THE IMMORTAL LIFE OF HENRIETTA LACKS

A dense, absorbing investigation into the medical community's exploitation of a dying woman and her family's struggle to salvage truth and dignity decades later.

In a well-paced, vibrant narrative, Popular Science contributor and Culture Dish blogger Skloot (Creative Writing/Univ. of Memphis) demonstrates that for every human cell put under a microscope, a complex life story is inexorably attached, to which doctors, researchers and laboratories have often been woefully insensitive and unaccountable. In 1951, Henrietta Lacks, an African-American mother of five, was diagnosed with what proved to be a fatal form of cervical cancer. At Johns Hopkins, the doctors harvested cells from her cervix without her permission and distributed them to labs around the globe, where they were multiplied and used for a diverse array of treatments.
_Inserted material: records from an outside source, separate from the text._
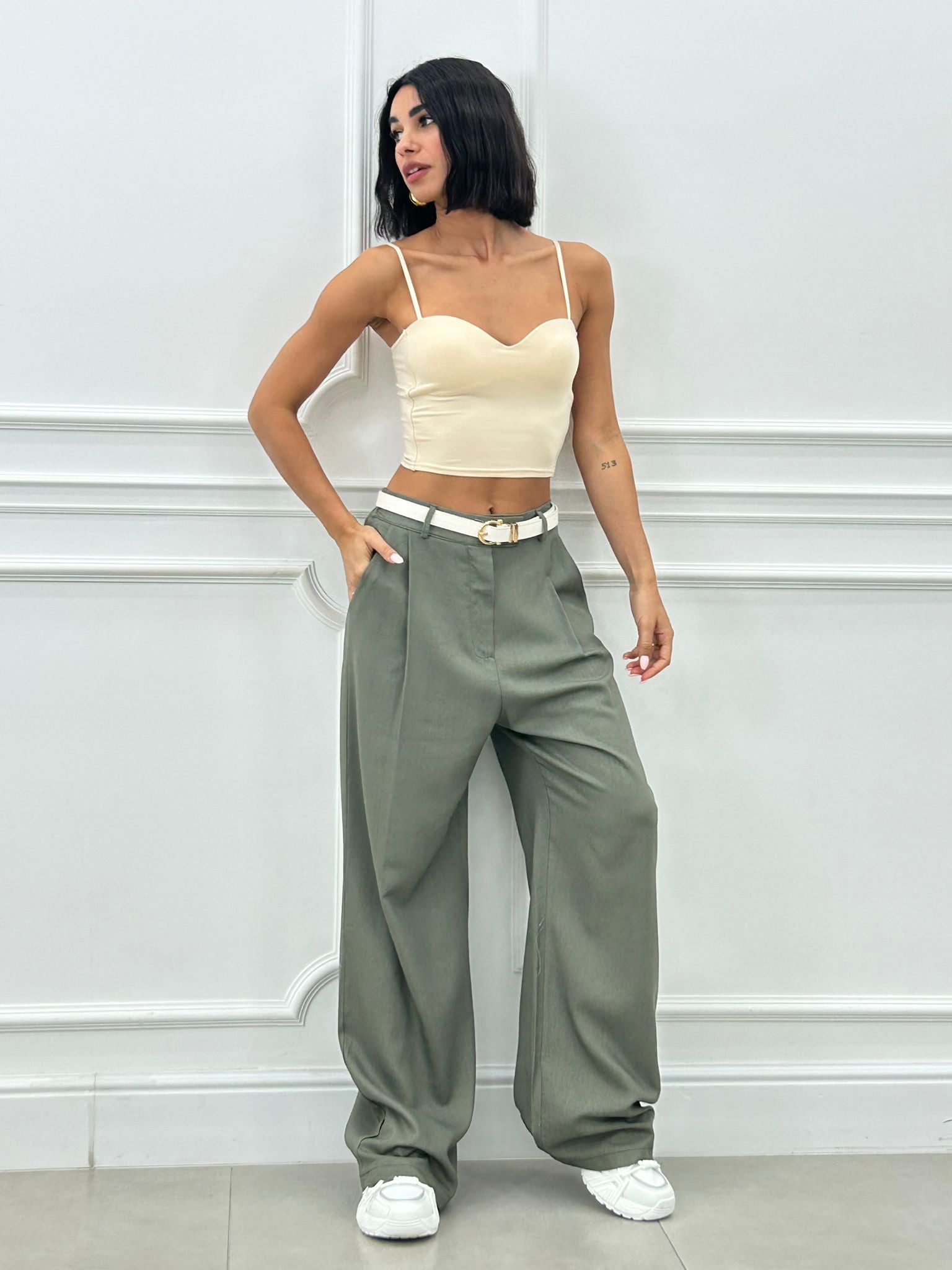 PANTALONE MISTO LINO CON PINCES NEW SS25
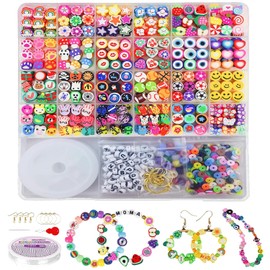 Canollo Bead Bracelet Craft Set with 1000 Pieces Soft Ceramic Beads, 7 m Thread, 24 Pattern Beads for Threading Yourself, DIY Beads Set for Crafts Necklace Earrings Birthday Gifts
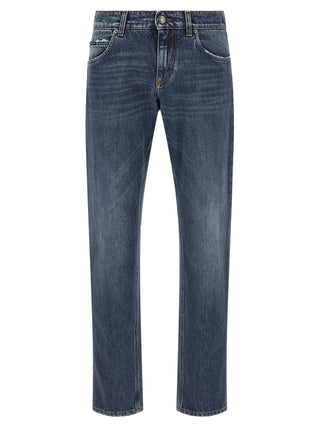 Blue Cotton Straight-Leg Jeans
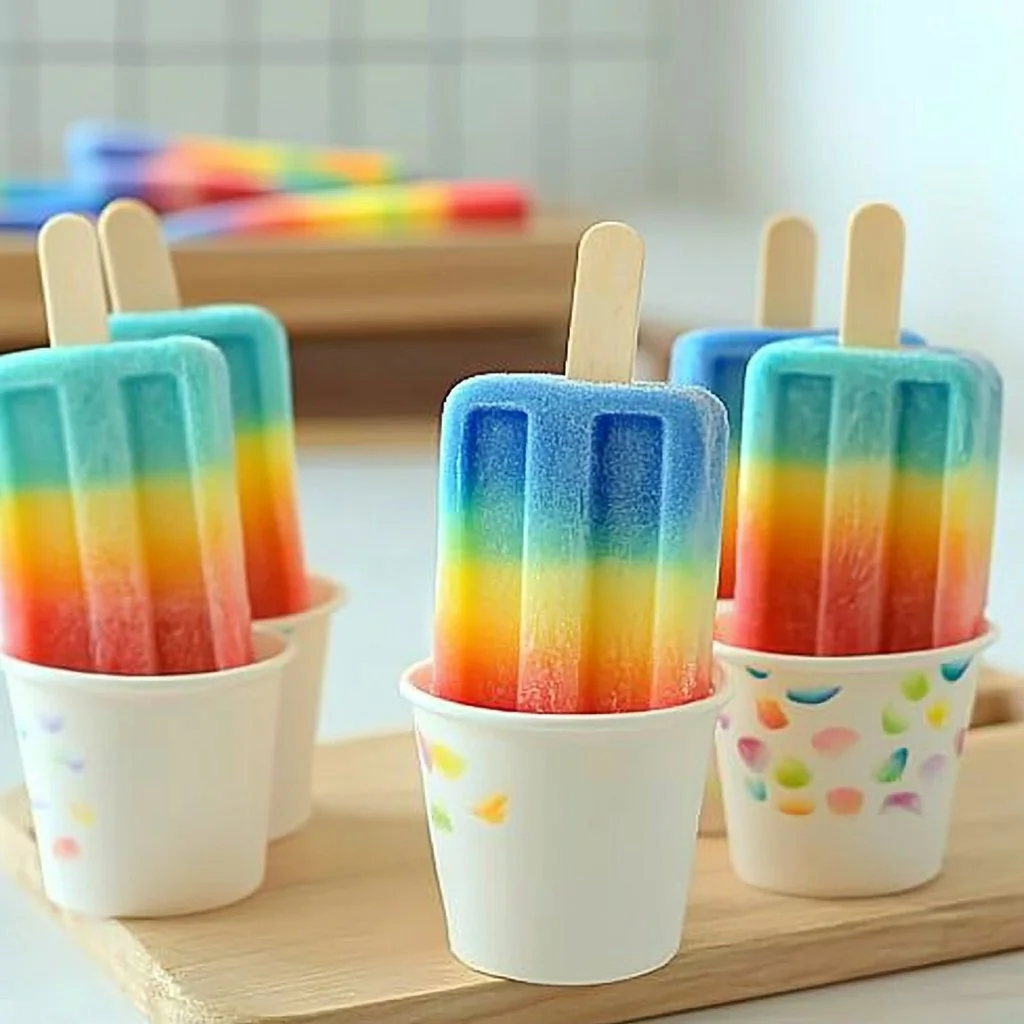 Colorful Rainbow Popsicles in a row, refreshing homemade summer treats.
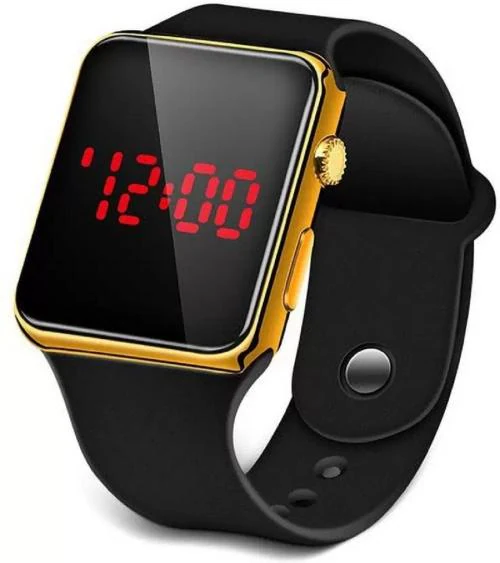Hala Square LED Gold Case Digital Watch - For Boys & Girls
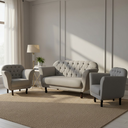 Ver imagem 1 de Kit Namoradeira + 2 Poltronas Decorativa Dália Linho Cinza Pés Madeira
Known as HeLa cells, they became one of the world's most ubiquitous sources for medical research of everything from hormones, steroids and vitamins to gene mapping, in vitro fertilization, even the polio vaccine—all without the knowledge, must less consent, of the Lacks family. Skloot spent a decade interviewing every relative of Lacks she could find, excavating difficult memories and long-simmering outrage that had lay dormant since their loved one's sorrowful demise. Equal parts intimate biography and brutal clinical reportage, Skloot's graceful narrative adeptly navigates the wrenching Lack family recollections and the sobering, overarching realities of poverty and pre–civil-rights racism. The author's style is matched by a methodical scientific rigor and manifest expertise in the field.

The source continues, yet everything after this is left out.